Wednesday, 22 January 2014

An Invitation

Dear all,

To celebrate the 1st birthday of Casting Call Woe, I'd like to invite you all to a very special party.

You will all be picked up at 7pm sharp...

No pay unfortunately but you will get to ride in a white stretch limo with a midget and the band.

Please note that there is a very strict dress code...


Skirt so short you feel raped just walking past her

if u want wear your sexy bikini

Those wishing to come in fancy dress are more than welcome to do so but please note there are just a few rules...

We're looking for individuals to dress up in an oversized female genitalia costume

We need some girls to be psychotic nuns. You need to be willing to be topless too

She wears an unpractically sexy knight's outfit

Clothes size is important as the Grim Reaper robes are only available in SMALL

All guests are welcome to bring a partner. However, if you are, there are further strict dress codes...

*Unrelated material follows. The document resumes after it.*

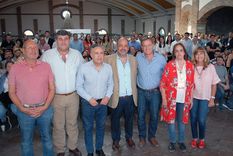 Néstor Majul, con Alfredo Cornejo a su izquierda y Rodolfo Suarez a la derecha Néstor Majul, con Alfredo Cornejo a su izquierda y Rodolfo Suarez a la derecha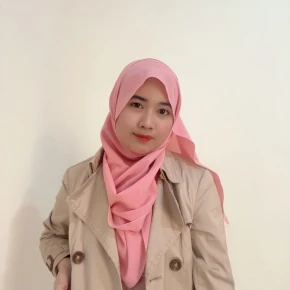Meet Mina in Jakarta - Your Local Friend & Expert - ID8933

Actor: full suit of armour. Actress: full nudity.

Male - fully clothed. Female - dressed in thong, semi-naked at times, has to do casting in underwear.

Men bring suits, women bring sexy gangster outfits and lingerie. 

Also, please note:

There will be a prize for best dressed

There will be a drinks reception on arrival...

The first 10 actors to turn up get a free drink from me. It's the least I can do.

A few notes regarding catering:

Main roles in a music video available. The band will do the catering. 

I can't afford payment but I can bring as much juice and biscuits as humanly possible. Biscuits are wicked. 

This will be unpaid & voluntary. However there is a place that does beautiful falafels around there

And for any of those with special dietary requirements...

We require you to be able to bring a packed lunch if we have a full day shooting.

There will be dancing...

Please note the frog doesn't need contemporary dance skills.

Willing to barn dance on camera.

And there will be entertainment...

Fagin on stilts.

And there will be goody bags for all...

Unpaid but you'll get to take home a small bag of coffee.

Carriages at midnight...

Sorry I can't pay but I can pick you up and drop you home.

Please note, I can't be held responsible for any guests that are remaining after midnight...

You will be turned to mince at the hands of the pitman.

Please RSVP at your earliest convenience...

Girls welcome, boys preferred.

Your esteemed host,

Miss L
(Her once striking good looks have simmered down to a kind of smutty mess.